• [Exercise prompt] Could you transcribe exactly the lines from the one containing "Дружеский турнир по кендо / Павел Железняк" through the last line of the records below, leaving out the pictures?

______________________________

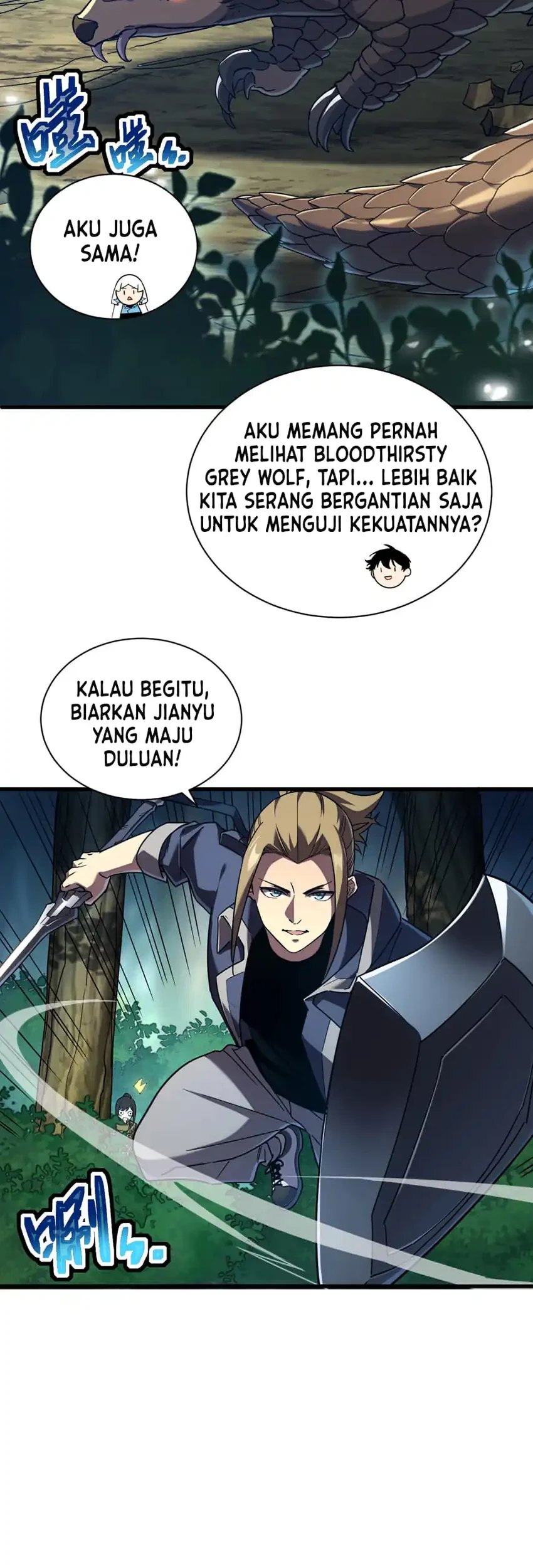 Cataclysm Hunter: I Have an EXP System Chapter 15 Gambar 21
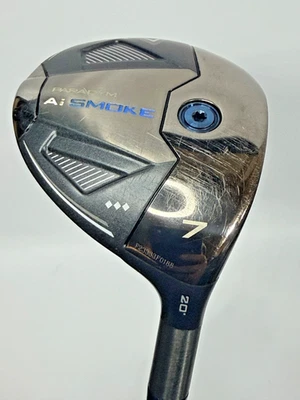Callaway Ai Smoke Triple Diamond 7 Madera 20° DI-7 70g Diseño Grafito Rígido Varilla Foto 1 de 4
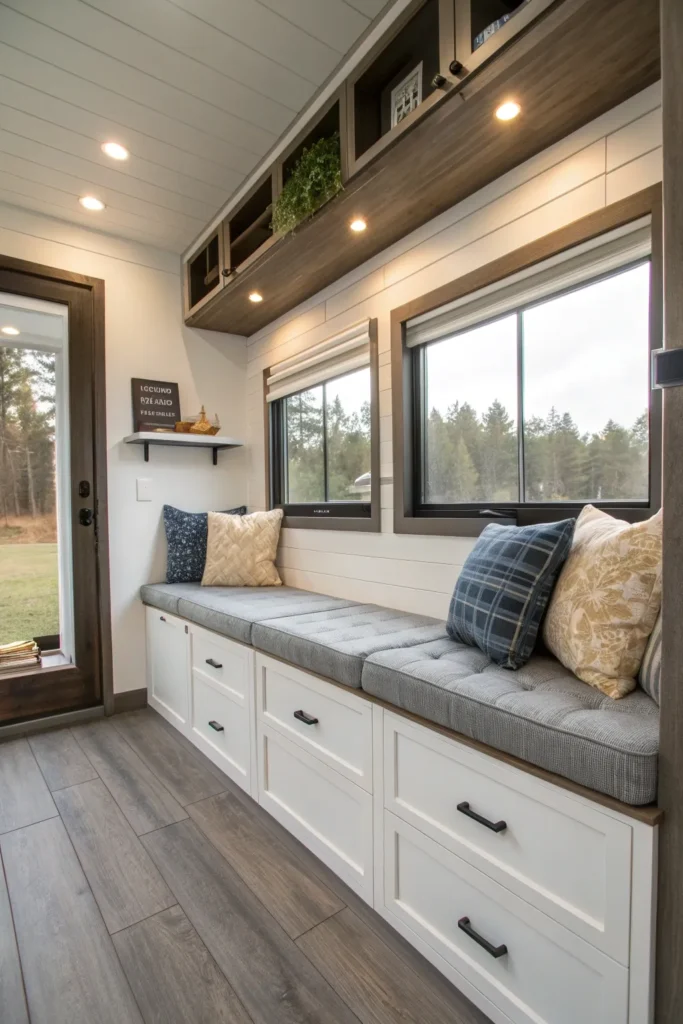 15 Unique Tiny House Space-Saving Designs 6 mn 5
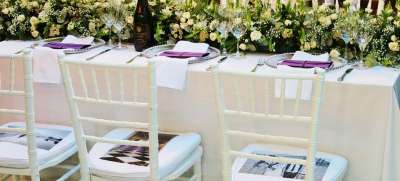桌子 覆盖 节日 婚礼展销会 婚礼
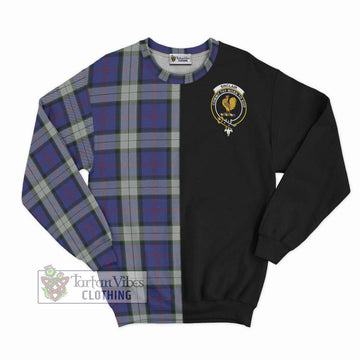 Sinclair Dress Tartan Sweatshirt with Family Crest and Half Of Me Style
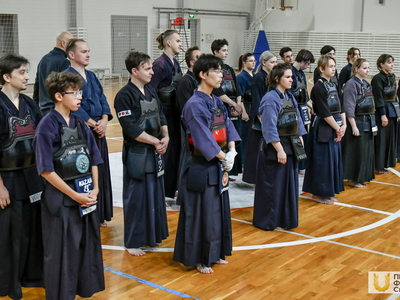 Дружеский турнир по кендо / Павел Железняк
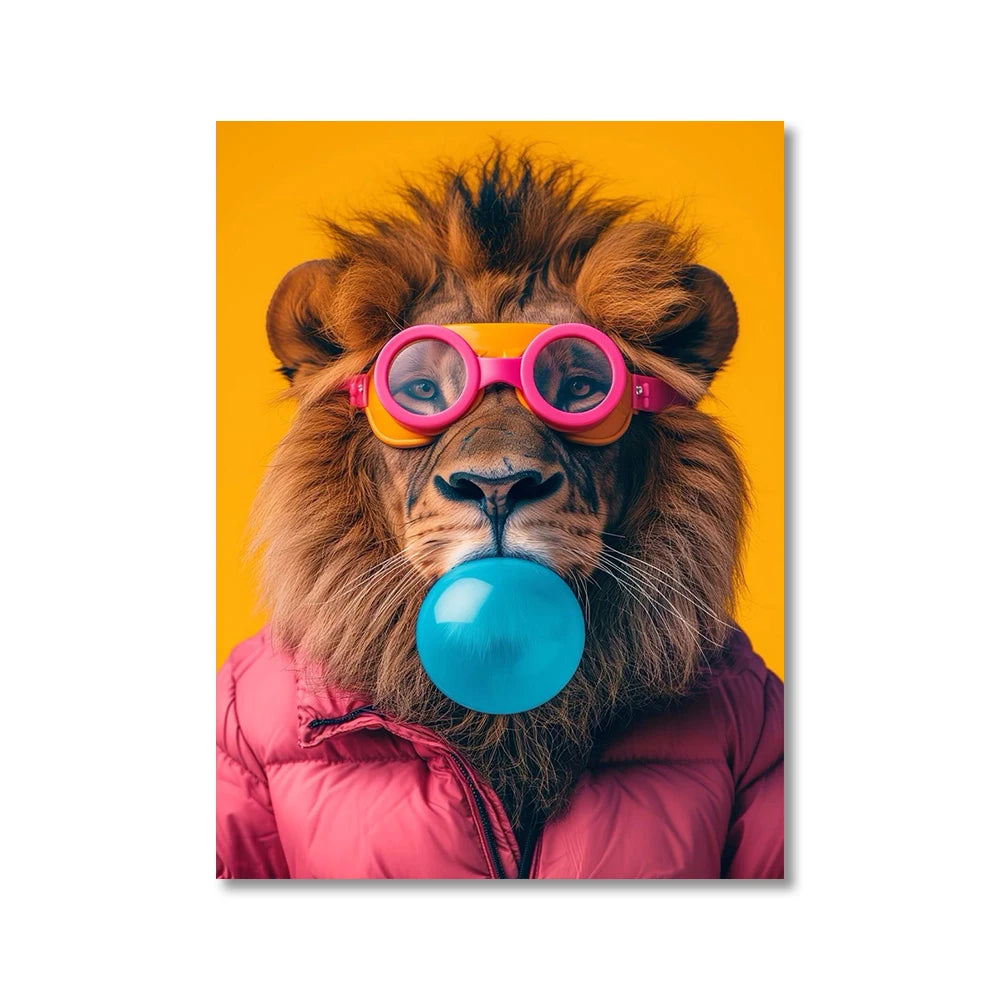 Tableau Moderne Art Animal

______________________________

• [Result]
 Дружеский турнир по кендо / Павел Железняк
 Tableau Moderne Art Animal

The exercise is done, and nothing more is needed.